Yes, students, believe it or not, the hardest part of the college application process actually arrives after you’ve clicked “submit” on your finale online application.  There are still a lot of other things you need to do between now and high school graduation if you want to pack your bags and move to the right college campus for you next fall.  The list goes something like this:

  • Visit your prospective campuses for the first, second, or even third time.  While it’s wonderful to have the time and ability to visit all of your campuses before you put your applications in, it’s not always feasible that you’re able to make the trip – particularly if the school is a long distance from your home.  Many students wish to wait for confirmation that they’re admitted to the school before making travel arrangements and that’s a good strategy if you’ve applied to a school early action or early decision because you’ll be notified of your admission status sooner rather than later.  If you’ve applied in early fall for a regular decision revelation, however, a better choice is to book a visit when you have the time to go as a way to not only familiarize yourself with the campus and its offerings, but also to demonstrate your serious interest to the admissions committee before they render their decision.Already been to visit the campus one time?  Figure out what specific programs or places you’d like to see again and find out if it’s possible to meet one on one with a faculty member and/or the coach of the equestrian team.

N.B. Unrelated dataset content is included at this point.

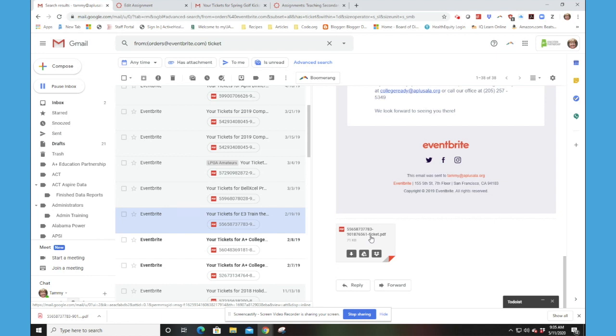In this case, we're going to ask you to upload this ticket to the Canvas course. So I think the easiest way to do this is to simply click the download button.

  • Get your financial house in order.  Many schools require that preliminary financial information be filed as part of the College Board’s CSS Profile by early to mid-October or November, which means you and your parents will need to sit down with copies of last year’s tax returns, savings and retirement account information, and some other pieces of financial data and send it to the schools on your application list who require submission of the form as part of their financial aid awarding process.  (Some schools will require this form even if you don’t plan to file the FAFSA for federal financial aid.)  And even if your schools don’t require the CSS Profile to be submitted, it’s worth the time to organize your family’s assets so that you can either file the FAFSA on January 1 (the date it will be come available for next year’s freshman)  or to assess how your education will be funded next year.  (Better to have the money conversation earlier rather than later so there are no surprises when it comes time to make a final enrollment decision.)
  • Research scholarships and apply for them.  Speaking of how you will pay for college, the prime hunting season for potential scholarship dollars happens in mid to late fall and continues through spring of your senior year.  Once your applications have been submitted, visit your school counseling office for information about local or school-specific scholarships you might be eligible for.  You can also check with your church or other community groups you might be involved in, with equestrian organizations of which you might be a member (local, regional, and even national groups often have scholarships – including USEF and its affiliates), and even your parents’ employers.Your very best source of scholarship funding, however, will be from the college or university in which you will ultimately enroll, so once your applications have been submitted, contact your admissions representative to find out what scholarships you might be eligible for from the school and what you’ll need to do to be considered for them.
  • Reach out to the equestrian team and/or coach for the first (or second!) time.  If you haven’t already expressed your interest in riding to the team coach, take the time to fill out his or her athletic recruiting questionnaire (usually located on the team’s web site) and send a follow up email directly to the coach to let him or her know that you have applied, that you’ve submitted the recruitment form, and that you’re very interested in riding for the school as a freshman.  If you haven’t met the coach in person or toured the team facilities, find out when the best time to visit will be and get that on your calendar.  Perhaps he or she will want you to observe a practice, come to a team tryout, or attend one of their competitions to see the team in action.  The coach might also want to see video footage of you in the saddle so be sure that you have a brief (brief!) video uploaded to YouTube or another sharing site so that you can send it easily upon request.
  • Read your mail!  It sounds like such a simple thing and yet I can’t tell you how many students I encountered during my tenure as an admissions counselor who didn’t read the mail (email or the snail variety) that was sent to them by the colleges and universities to which they had applied.  (One young man in particular missed out on the opportunity to compete for a full tuition scholarship because he didn’t read the invitation until the day before the competition was to be held!)  So make sure that part of your daily routine is to read the mail sent to you by the schools to which you have applied and to check your email as well for information that is pertinent to you.  Visit programs, scholarship opportunities, and other special activities are scheduled on college campuses year-round and you don’t want to miss out on valuable experiences just because you ignored an important message!

Choosing your college is a big decision and one that isn’t to be taken lightly, but the decision process isn’t one that is over and done with in an instant.  Instead, it’s one that evolves over the course of your senior year.  Some doors will open to you while others will close and it’s in your best interests to stay on top of all of the information that’s sent your way so that you can manage your decision-making without panicking at the last minute.